Realtime audio application, improving performance

Question

I am currently writing a C++ real time audio application which roughly contains:

reading frames from a buffer
interpolating frames with the hermit interpolation here
filtering ever frame with two biquad filters (and updating their coefficients every frame)
a 3 band crossover containing 18 biquad calculations
a FreeVerb algorithm from the STK libary here

I think this should be handable for my PC but I get some buffer underflows every so often so I would like to improve the performance of my application. I have a bunch of question I hope you can answer me. :)

1) Operator Overloading

Instead of working directly with my flaot samples and doing calculations for every sample, I pack my floats in a Frame class which contains the left and the right Sample. The class overloads some operators for addition, subtraction and multiplication with float.
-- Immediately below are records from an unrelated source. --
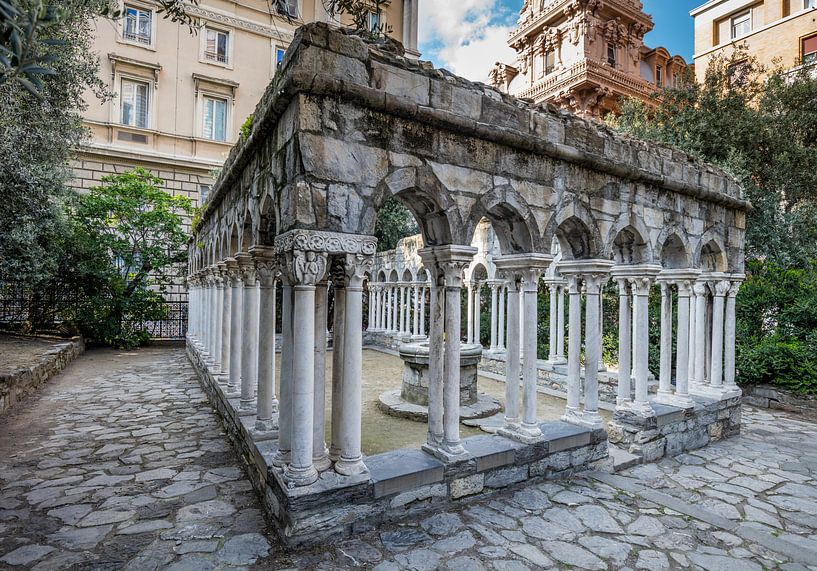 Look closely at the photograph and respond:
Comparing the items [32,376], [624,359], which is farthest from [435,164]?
[32,376]

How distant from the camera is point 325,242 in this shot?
3328 millimetres

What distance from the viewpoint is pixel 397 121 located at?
3.67m

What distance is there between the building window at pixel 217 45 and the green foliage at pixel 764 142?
16708 millimetres

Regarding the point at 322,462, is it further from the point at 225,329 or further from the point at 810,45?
the point at 810,45

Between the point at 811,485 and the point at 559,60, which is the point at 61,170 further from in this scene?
the point at 559,60

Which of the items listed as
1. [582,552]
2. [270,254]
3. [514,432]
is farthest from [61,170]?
[582,552]

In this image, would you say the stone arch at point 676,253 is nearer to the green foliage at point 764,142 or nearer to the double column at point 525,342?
the double column at point 525,342

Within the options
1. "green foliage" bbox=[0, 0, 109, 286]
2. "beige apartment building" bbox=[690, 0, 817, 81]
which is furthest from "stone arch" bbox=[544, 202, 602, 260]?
"beige apartment building" bbox=[690, 0, 817, 81]

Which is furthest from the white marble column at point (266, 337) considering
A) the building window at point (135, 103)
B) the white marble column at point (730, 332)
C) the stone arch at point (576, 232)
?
the building window at point (135, 103)

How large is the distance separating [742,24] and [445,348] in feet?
81.8

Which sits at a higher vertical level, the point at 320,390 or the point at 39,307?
the point at 39,307

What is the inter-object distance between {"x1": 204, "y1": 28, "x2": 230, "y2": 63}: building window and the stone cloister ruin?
616 inches

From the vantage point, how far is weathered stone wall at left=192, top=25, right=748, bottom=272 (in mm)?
3318

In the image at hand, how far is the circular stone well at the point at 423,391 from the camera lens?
245 inches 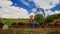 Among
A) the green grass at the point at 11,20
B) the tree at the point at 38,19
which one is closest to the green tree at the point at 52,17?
the tree at the point at 38,19

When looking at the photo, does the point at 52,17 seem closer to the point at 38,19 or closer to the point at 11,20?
the point at 38,19

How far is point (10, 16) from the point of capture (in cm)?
307

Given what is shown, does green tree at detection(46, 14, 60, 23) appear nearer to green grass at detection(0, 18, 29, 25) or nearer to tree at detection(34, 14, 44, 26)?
tree at detection(34, 14, 44, 26)

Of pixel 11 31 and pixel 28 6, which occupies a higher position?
pixel 28 6

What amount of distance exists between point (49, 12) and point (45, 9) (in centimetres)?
7

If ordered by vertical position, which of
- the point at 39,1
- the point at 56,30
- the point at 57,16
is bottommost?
the point at 56,30

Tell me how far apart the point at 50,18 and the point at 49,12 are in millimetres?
89

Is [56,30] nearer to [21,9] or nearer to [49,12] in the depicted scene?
[49,12]

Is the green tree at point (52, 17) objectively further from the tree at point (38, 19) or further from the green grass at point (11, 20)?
the green grass at point (11, 20)

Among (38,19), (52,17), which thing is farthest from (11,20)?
(52,17)

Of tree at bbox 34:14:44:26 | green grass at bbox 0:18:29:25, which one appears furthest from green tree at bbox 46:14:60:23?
green grass at bbox 0:18:29:25

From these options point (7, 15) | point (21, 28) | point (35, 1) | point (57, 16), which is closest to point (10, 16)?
point (7, 15)

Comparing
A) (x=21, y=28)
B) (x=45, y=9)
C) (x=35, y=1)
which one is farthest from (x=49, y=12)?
(x=21, y=28)

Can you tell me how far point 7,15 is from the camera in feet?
10.1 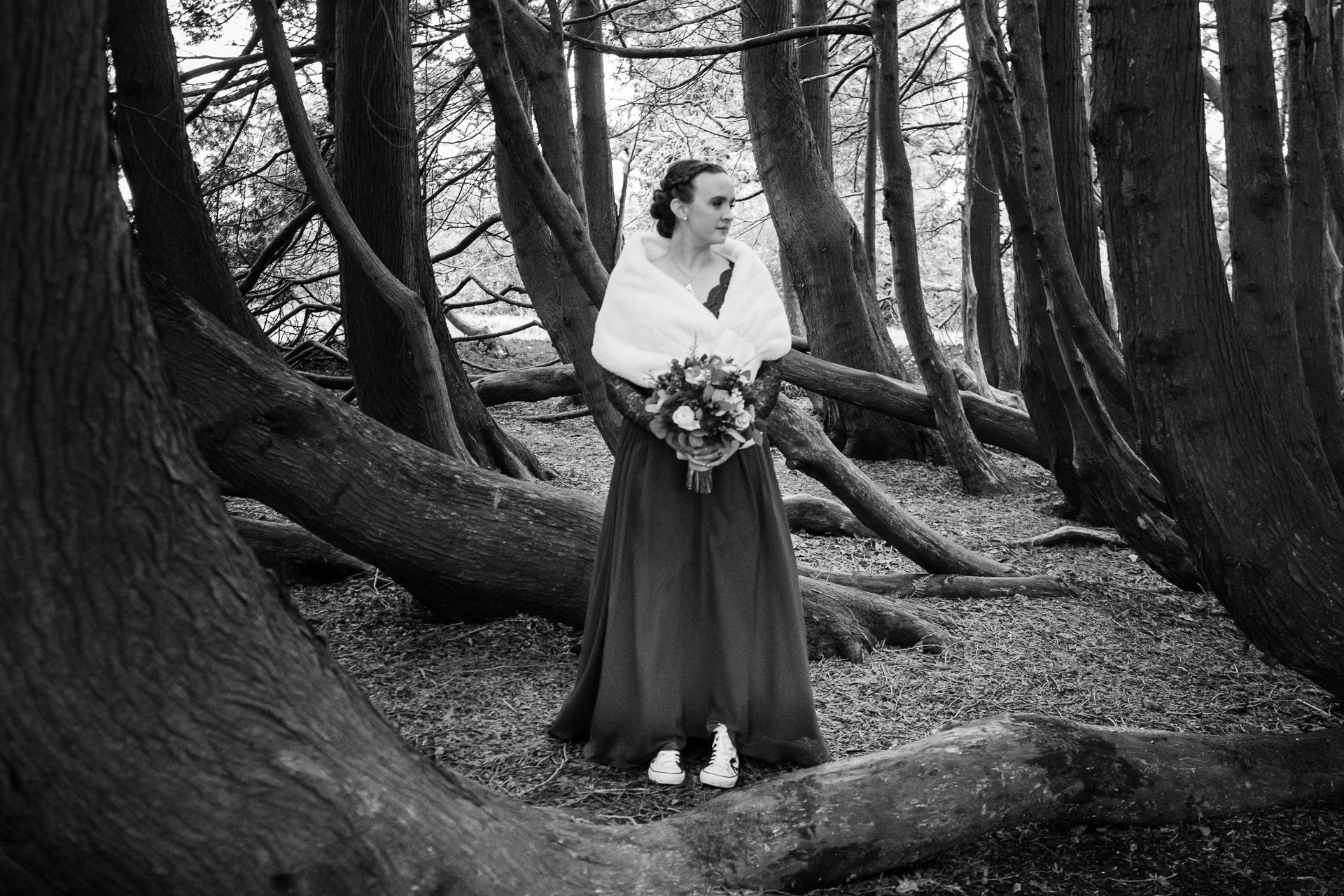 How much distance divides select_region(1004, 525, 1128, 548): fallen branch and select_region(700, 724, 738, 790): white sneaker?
4.28 m

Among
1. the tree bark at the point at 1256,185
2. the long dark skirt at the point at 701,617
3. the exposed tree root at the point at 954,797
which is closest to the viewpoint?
Answer: the exposed tree root at the point at 954,797

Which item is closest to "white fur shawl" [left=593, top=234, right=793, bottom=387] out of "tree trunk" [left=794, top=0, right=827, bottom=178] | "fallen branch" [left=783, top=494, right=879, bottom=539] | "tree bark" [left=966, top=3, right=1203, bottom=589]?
"tree bark" [left=966, top=3, right=1203, bottom=589]

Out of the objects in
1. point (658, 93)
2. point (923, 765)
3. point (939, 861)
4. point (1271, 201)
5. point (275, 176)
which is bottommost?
point (939, 861)

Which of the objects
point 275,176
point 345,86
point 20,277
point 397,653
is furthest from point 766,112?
point 20,277

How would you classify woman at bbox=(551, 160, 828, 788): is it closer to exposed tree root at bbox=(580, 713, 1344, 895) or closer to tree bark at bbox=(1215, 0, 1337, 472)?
exposed tree root at bbox=(580, 713, 1344, 895)

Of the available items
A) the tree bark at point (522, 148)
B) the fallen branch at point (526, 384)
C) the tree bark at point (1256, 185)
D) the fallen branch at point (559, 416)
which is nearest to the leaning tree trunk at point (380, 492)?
the tree bark at point (522, 148)

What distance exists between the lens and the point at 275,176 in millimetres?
8391

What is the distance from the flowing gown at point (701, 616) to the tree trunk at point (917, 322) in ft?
17.9

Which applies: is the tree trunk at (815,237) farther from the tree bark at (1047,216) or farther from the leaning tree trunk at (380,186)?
the tree bark at (1047,216)

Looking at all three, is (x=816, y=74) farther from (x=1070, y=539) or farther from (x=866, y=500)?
(x=866, y=500)

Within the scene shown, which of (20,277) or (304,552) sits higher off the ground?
(20,277)

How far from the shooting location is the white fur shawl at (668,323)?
407cm

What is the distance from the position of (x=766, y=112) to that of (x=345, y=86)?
520cm

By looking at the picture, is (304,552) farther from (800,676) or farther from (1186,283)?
(1186,283) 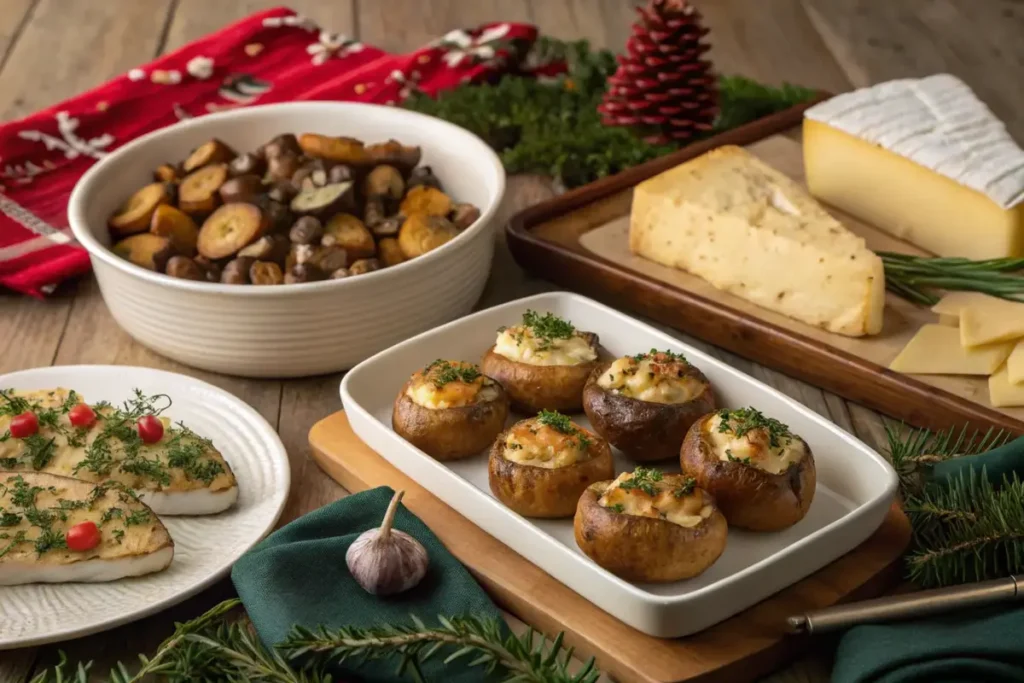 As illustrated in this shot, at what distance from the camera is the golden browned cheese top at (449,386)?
1848mm

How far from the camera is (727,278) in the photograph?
7.81ft

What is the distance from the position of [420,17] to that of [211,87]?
0.97 m

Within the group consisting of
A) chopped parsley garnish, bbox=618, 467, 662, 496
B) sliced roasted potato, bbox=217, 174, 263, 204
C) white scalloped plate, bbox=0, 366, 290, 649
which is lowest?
white scalloped plate, bbox=0, 366, 290, 649

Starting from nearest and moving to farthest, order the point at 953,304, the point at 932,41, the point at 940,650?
the point at 940,650
the point at 953,304
the point at 932,41

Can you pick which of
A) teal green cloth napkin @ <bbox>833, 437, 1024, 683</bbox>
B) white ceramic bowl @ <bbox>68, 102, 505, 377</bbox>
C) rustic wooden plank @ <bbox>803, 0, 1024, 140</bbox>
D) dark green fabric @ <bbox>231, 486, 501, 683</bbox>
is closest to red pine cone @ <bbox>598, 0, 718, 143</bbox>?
white ceramic bowl @ <bbox>68, 102, 505, 377</bbox>

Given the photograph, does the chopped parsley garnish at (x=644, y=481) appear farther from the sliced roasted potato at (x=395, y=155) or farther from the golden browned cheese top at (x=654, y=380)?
the sliced roasted potato at (x=395, y=155)

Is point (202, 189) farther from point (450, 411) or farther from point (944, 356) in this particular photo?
point (944, 356)

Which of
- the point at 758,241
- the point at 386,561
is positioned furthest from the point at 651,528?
the point at 758,241

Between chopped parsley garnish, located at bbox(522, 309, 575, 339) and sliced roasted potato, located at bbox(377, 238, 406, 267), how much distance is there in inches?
14.5

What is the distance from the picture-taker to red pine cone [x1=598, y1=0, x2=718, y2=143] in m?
2.93

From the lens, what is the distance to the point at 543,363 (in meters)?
1.96

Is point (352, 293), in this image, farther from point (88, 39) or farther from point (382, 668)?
point (88, 39)

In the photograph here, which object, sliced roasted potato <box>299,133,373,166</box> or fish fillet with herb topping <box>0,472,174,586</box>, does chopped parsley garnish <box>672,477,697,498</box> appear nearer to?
fish fillet with herb topping <box>0,472,174,586</box>

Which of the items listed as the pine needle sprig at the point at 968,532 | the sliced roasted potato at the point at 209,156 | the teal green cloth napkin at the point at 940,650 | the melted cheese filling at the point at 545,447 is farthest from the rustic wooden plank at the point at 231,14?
the teal green cloth napkin at the point at 940,650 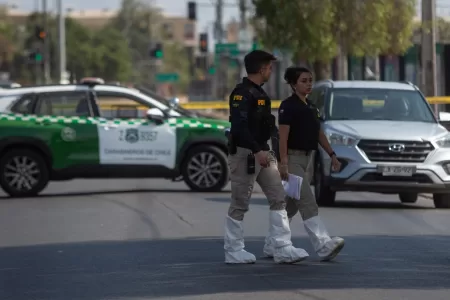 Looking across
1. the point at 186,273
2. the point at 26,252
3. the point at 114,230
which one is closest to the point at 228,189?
the point at 114,230

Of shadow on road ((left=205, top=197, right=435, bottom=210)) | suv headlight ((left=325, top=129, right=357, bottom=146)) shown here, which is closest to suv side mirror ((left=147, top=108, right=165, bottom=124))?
shadow on road ((left=205, top=197, right=435, bottom=210))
The filters (biquad mostly) and the reverb works with floats and doesn't use this class but the hermite interpolator and every multiplication and addition for volume controll and mixing uses the class.

Does this has an impact on the performance and would it be better to work with left and right sample directly?

2) std::function

The callback function from the audio IO libary PortAudio calls a std::function. I use this to encapsulation everything related to PortAudio. So the "user" sets his own callback function with std::bind

std::bind(  &AudioController::processAudio, 
            &(*this), 
            std::placeholders::_1, 
            std::placeholders::_2));

Since for every callback, the right function has to be found from the CPU (however this works...), does this have an impact and would it be better to define a class the user has to inherit from?

3) virtual functions

I use a class called AudioProcessor which declares a virtual function:

virtual void tick(Frame *buffer, int frameCout) = 0;

This function always processes a number of frames at once. Depending on the drive, 200 frames up to 1000 frames per call. Within the signal processing path, I call this function 6 time from multiple derivated classes. I remember that this is done with lookup tables so the CPU knows exactly which function it has to call. So does the process of calling a "virtual" (derivated) function has an impact on the performance?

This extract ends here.